- _PROVIDED INFORMATION_
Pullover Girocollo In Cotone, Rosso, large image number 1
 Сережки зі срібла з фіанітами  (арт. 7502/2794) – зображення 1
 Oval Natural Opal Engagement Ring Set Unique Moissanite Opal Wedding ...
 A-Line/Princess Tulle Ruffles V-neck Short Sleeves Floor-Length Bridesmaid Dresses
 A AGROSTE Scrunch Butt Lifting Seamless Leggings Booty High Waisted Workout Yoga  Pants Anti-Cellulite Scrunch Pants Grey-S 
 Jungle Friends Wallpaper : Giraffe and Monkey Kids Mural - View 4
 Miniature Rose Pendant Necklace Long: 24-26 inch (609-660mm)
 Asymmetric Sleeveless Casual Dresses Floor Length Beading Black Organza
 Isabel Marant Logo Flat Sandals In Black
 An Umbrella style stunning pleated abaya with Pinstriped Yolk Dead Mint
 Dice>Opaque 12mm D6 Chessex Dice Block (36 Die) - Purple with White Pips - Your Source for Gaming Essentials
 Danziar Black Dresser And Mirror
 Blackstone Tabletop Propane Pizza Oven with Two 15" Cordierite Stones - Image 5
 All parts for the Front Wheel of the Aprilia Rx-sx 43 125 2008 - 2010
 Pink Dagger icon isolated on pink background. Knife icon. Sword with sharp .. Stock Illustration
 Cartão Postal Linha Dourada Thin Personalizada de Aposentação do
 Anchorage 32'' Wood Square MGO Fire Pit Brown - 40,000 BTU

- _REQUIREMENT_
Word for word, copy the line containing "Pink Dagger icon" and each line after it to the end of the records, and nothing besides.

- _SOLUTION_
 Pink Dagger icon isolated on pink background. Knife icon. Sword with sharp .. Stock Illustration
 Cartão Postal Linha Dourada Thin Personalizada de Aposentação do
 Anchorage 32'' Wood Square MGO Fire Pit Brown - 40,000 BTU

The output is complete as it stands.